150 (!) Bässe. 46 Tasten im Diskant , geschweifte Tastatur .
Bass fünfchörig, Diskant vierchörig LMMM
Super erhalten, allerdings war das Wachs brüchig und die Ventile verhärtet.

Mein Plan :
alle Stimmen neu ventilieren und neu einwachsen,
um sie dann zum Feinstimmen wegzugeben.
Die alten Lederventile sind ab,alle Stimmzungen sind graviert worden,
dann wurden sie entfernt und von Wachs und Kleberesten gereinigt.

Gewaschen wurden sie nach und nach in Aceton in einem Ultraschallbad
(im Garten...) , partiell wurde mit einem Glasfaserpinsel Schmutz und
Ablagerungen entfernt.

Hier gibt es ein erstes Problem :
wenn man nicht mit 30 Litern Aceton arbeitet
(sondern dieses immer wieder durch einen Filter reinigt,
um den Rest einer Sondermülldeponie zu übergeben) ,
hat man zwangsläufig feine Wachs und Schmutzpartikel,
sowie die feinen Glasfaserborsten dazwischen.

Ich habe also die dann trockenen Stimmplatten
noch einmal in handwarmen Wasser (mit einem Fettlöser)
gewaschen, dabei mit einem Holzstäbchen und einem
Metallpinsel alles gereinigt und jede Stimme einzeln
im Bad hin-und herbewegt um alle Restpartikel auszuwaschen.
Wässern muß man die Stimmen auf jeden Fall,
da die Kleinpartikel sich gerne in die feinen Zwischenräume der Stimmzunge einklemmen.

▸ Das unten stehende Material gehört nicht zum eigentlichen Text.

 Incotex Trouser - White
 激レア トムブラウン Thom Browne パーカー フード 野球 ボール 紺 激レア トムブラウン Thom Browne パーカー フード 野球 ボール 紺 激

Hier beginnt mein zweites Problem:
anscheinend war Wasser eine ganz schlechte Idee...
Ich habe dann alle Stimmen aufrecht in ein Gitter auf ein Backblech gestellt
und im handwarmen Backofen kurz anwärmen lassen
um sie dann mit einem Fön zu trocknen.

Ich orientierte mich an dem Leitfaden vom Akkordeon Zentrum Hoffmann.
Dieser reinigt die Stimmplatten umweltschonend nicht in Aceton,
sondern in (in 2 Wochen) in ORANEX und fönt die Stimmen dann
nach dem Wässern in einem Trockenständer mit Gebäse ( So was gibt es fürs Fotolabor ) .

Leider sind die Stimmen sofort mit einer dezenten Brauntönung belegt,
also dem ersten Vorboten von Flugrost ! Es ist auch egal, ob man die Stimme heiß trocknet oder kalt stehen lässt,
das Ergebnis ist das gleiche ... (habe ich an alten Einzelstimmen weiter getestet)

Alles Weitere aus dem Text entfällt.